It also provided the club’s popular defender Tom Lonergan - who was a late withdrawal with food poisoning - with the reprieve he wanted from retirement for at least another week.
This was a night where the old adage “adversity is the mother of invention” proved true once more, with Lonergan’s absence providing coach Chris Scott with the chance to shuffle up the whiteboard.
He took some risks and it paid dividends big time.
The loss of Lonergan meant Harry Taylor had to go back onto Lance Franklin, and he did a sensational job, keeping the Coleman Medallist goalless.
That left a hole in attack, and Scott had no hesitation in starting Dangerfield deep forward, often isolated in attack at times with a surprisingly jittery Dane Rampe.
He kicked the Cats’ first two goals in a statement that needed to be made, given the Swans had mugged Geelong with seven first-term goals in their past two clashes.
Importantly, it wasn’t just what last year’s Brownlow Medallist did; it was what Rampe and the other Sydney defenders expected him to do.
That made all the difference, because it allowed Dangerfield’s teammates the space they needed in attack to get in on the act.
He followed it up with two second term goals - taking his tally to four goals by halftime - before he spent a little more time around the ball in the second half.
Mark Blicavs was an ingenious choice to take on Josh Kennedy, the man considered one of the best finals performers in recent years, he shut the Swans skipper out of the game in the first half, and went on to have 14 tackles for the night.
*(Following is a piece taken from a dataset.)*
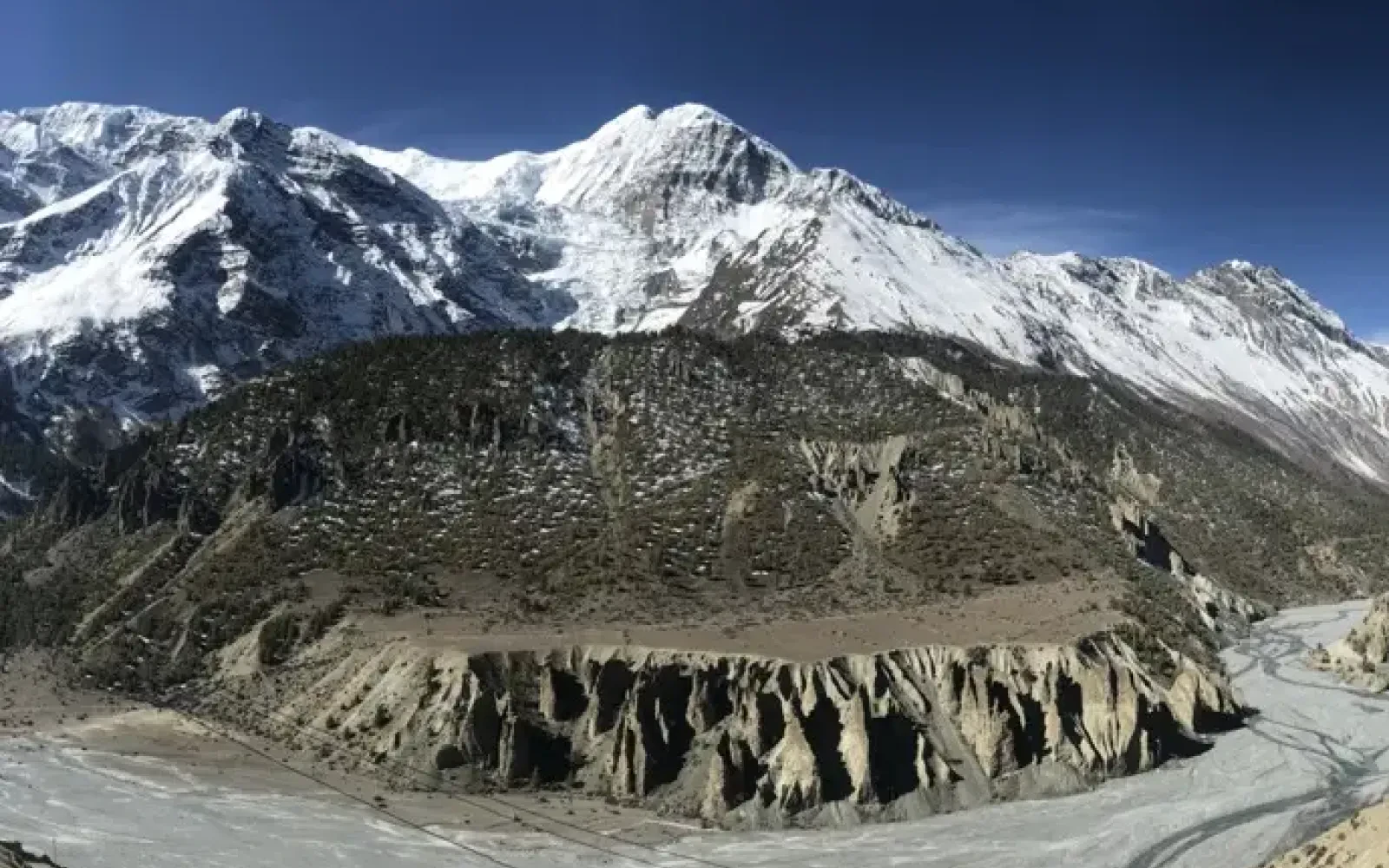 10 best things to do in Manang during Acclimatization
Sam Menegola was enormous all night, kicking two goals and having 26 disposals, Mitch Duncan booted two goals and helped himself to 36 disposals and Joel Selwood got through another game, which is a bonus going forward.
Steven Motlop had one of his better games for the season, Zac Smith rucked tirelessly and was a key performer and Darcy Lang showed why he was brought back in.
Dangerfield said last week the Cats kept hitting their head up against a “brick wall”, last night, the Cats’ backline provided their own impenetrable wall, restricting Sydney to only five goals and their lowest score in 20 years.
Taylor was brilliant, Lachie Henderson was a rock, Zac Tuohy did exactly what he was recruited for.
They gave the Swans’ forward nothing, and if they can do the same against the Crows next week, the Cats just might make Josh Jenkins choke on those words.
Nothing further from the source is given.